- Born: 1958 (age 67–68) Thessaloniki, Greece
- Known for: Dynamic programming Stochastic systems Operations Research Numerical analysis Statistical learning Q-learning Optimization Statistics
- Awards: 2018 INFORMS John von Neumann Theory Prize 2018 IEEE Control Systems Award 2016 ACM SIGMETRICS Achievement Award 1997 ICS Prize
- Scientific career
- Fields: Electrical engineering
- Workplaces: MIT
- Doctoral advisor: Michael Athans
- Doctoral students: George W. Hart C.-C. Jay Kuo Zhi-Quan Tom Luo

= John Tsitsiklis =

Greek-American probabilist

John Nikolaos Tsitsiklis (Γιάννης Ν. Τσιτσικλής; born 1958) is a Greek-American probabilist. He is the Clarence J. Lebel Professor of Electrical Engineering with the Department of Electrical Engineering and Computer Science (EECS) at the Massachusetts Institute of Technology.

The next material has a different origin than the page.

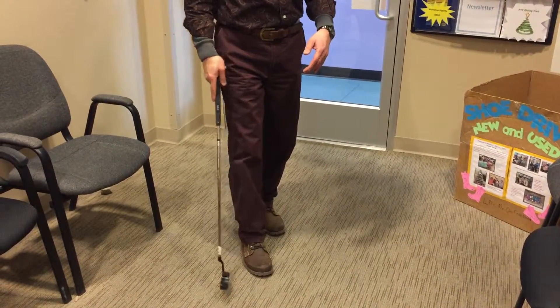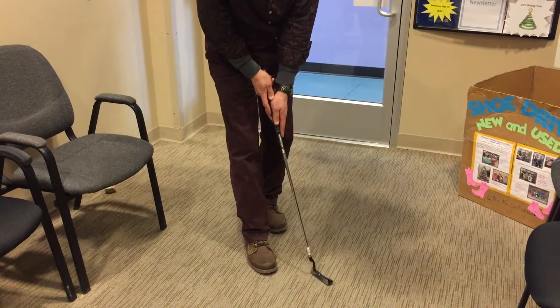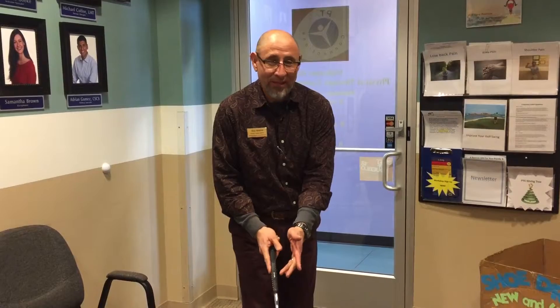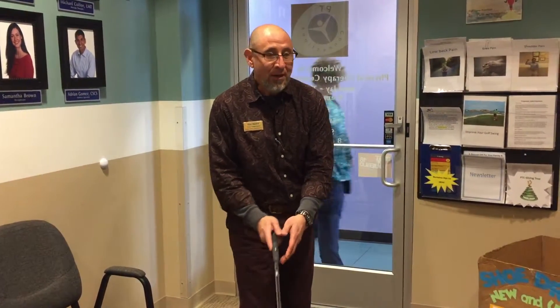Let's do a little staggered stance and practice. Remember, we're doing this left-handed, changing it up. Why? Because you can't just do the same thing over and over — all you're doing is strengthening bad habits. Now we're going to create new good habits.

He serves as the director of the Laboratory for Information and Decision Systems and is affiliated with the Institute for Data, Systems, and Society (IDSS), the Statistics and Data Science Center and the MIT Operations Research Center.

==Education==
Tsitsiklis received a B.S. degree in Mathematics (1980), and his B.S. (1980), M.S. (1981), and Ph.D. (1984) degrees in Electrical Engineering, all from the Massachusetts Institute of Technology in Cambridge, Massachusetts.

==Awards and honors==
Tsitsiklis was elected to the 2007 class of Fellows of the Institute for Operations Research and the Management Sciences.

He won the "2016 ACM SIGMETRICS Achievement Award in recognition of his fundamental contributions to decentralized control and consensus, approximate dynamic programming and statistical learning."

In 2018 he won the IEEE Control Systems Award "for contributions to the theory and application of optimization in large dynamic and distributed systems" as well as the John von Neumann Theory Prize, with Dimitri Bertsekas, "for contributions to Parallel and Distributed Computation as well as Neurodynamic Programming."